[Start of Attachment]
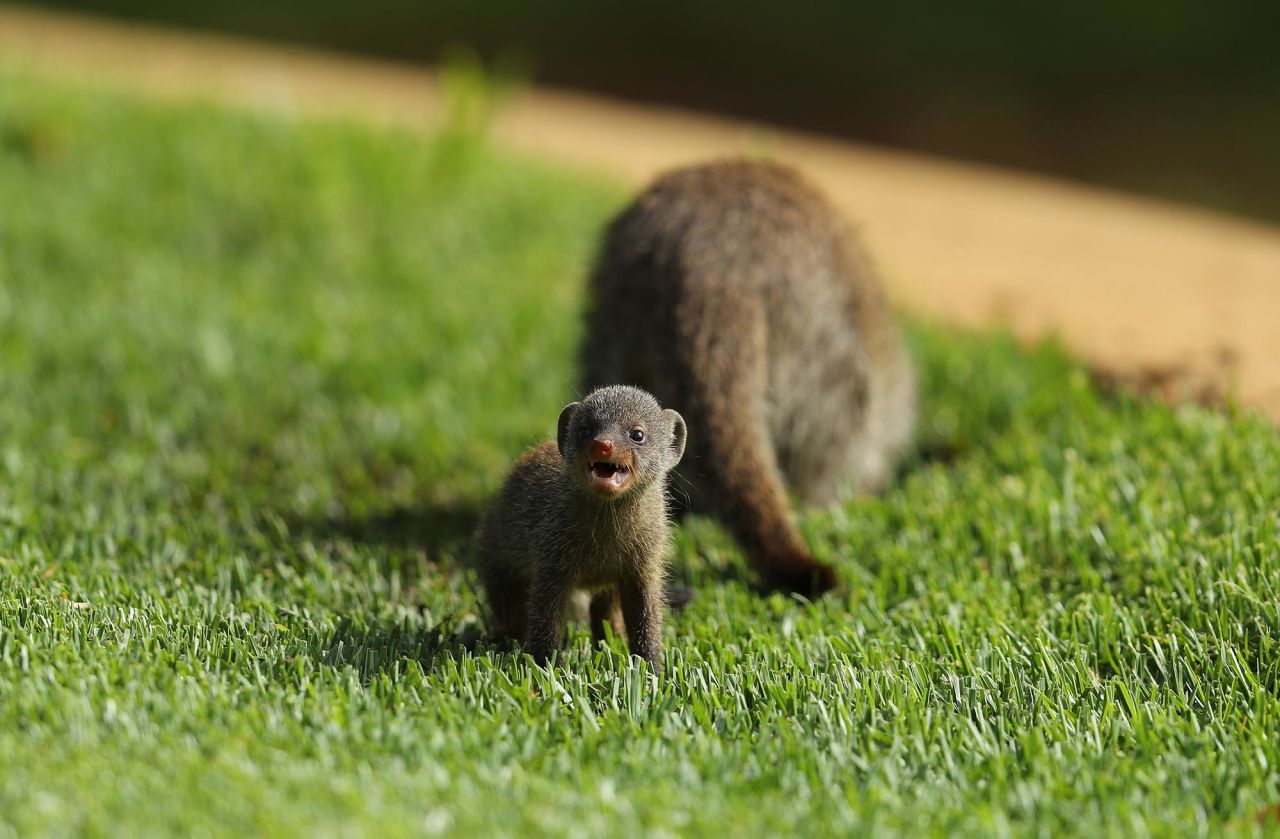 Mongooses are seen at a golf tournament in Sun City, South Africa, on Thursday, December 3.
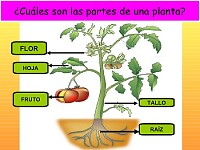 Ciencias Naturales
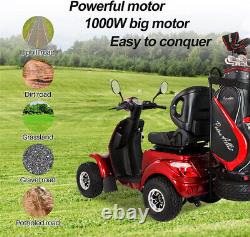 4 Wheels Electric Mobility Scooter 1000W 60V 20AH Motor Wheelchair for Seniors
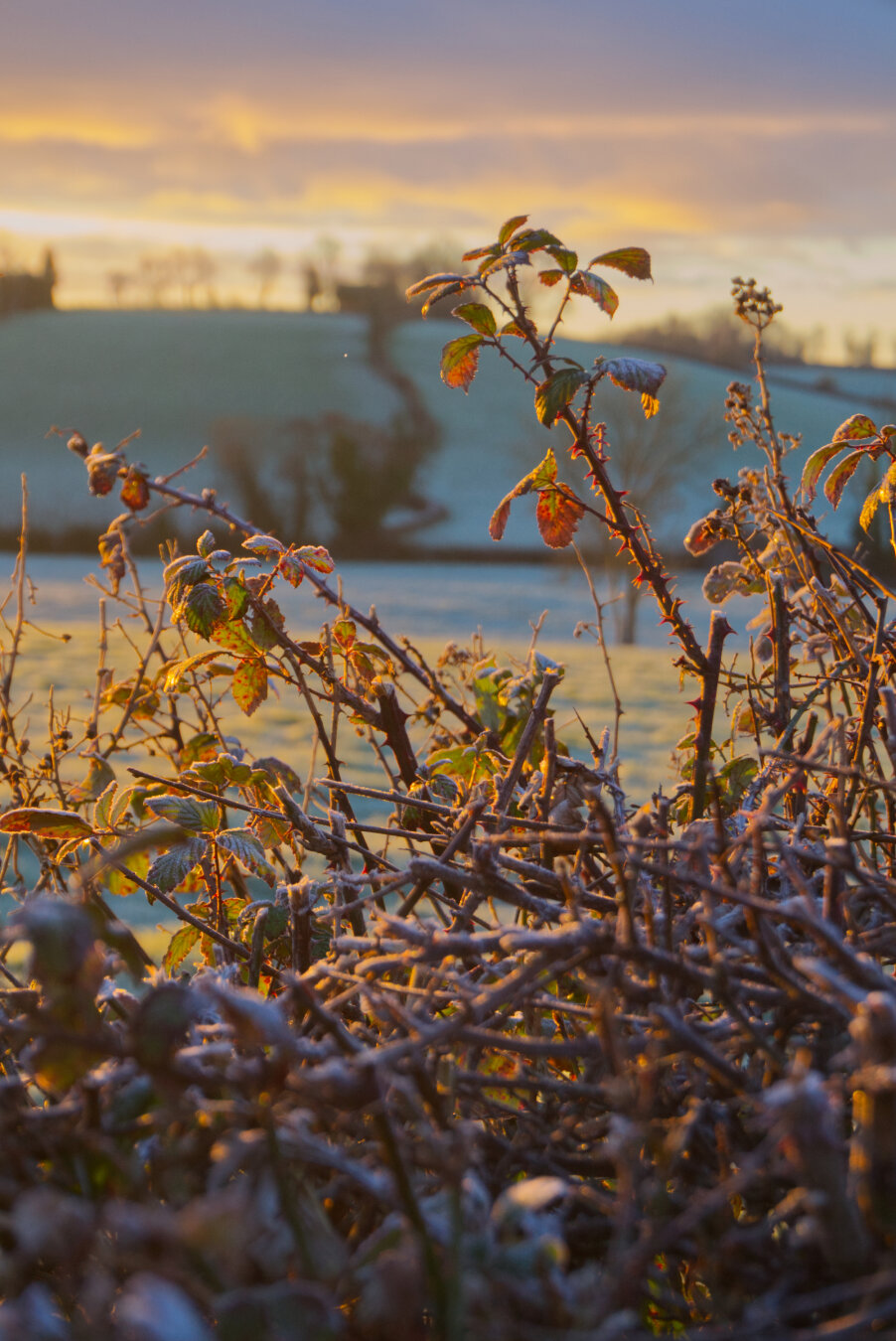Leaves on a hedge with fields in the background, all covered with frost at sunrise.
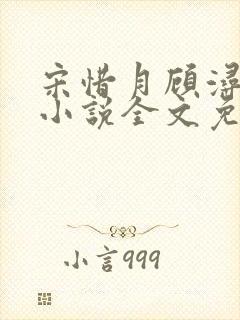 宋惜月顾浔渊的小说全文免费阅读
[End of Attachment]
**What the task requires**.
Your copy should match the listing exactly, apart from the pictures it leaves out.

**Response to the task**.
 Mongooses are seen at a golf tournament in Sun City, South Africa, on Thursday, December 3.
 Ciencias Naturales
 4 Wheels Electric Mobility Scooter 1000W 60V 20AH Motor Wheelchair for Seniors
Leaves on a hedge with fields in the background, all covered with frost at sunrise.
 宋惜月顾浔渊的小说全文免费阅读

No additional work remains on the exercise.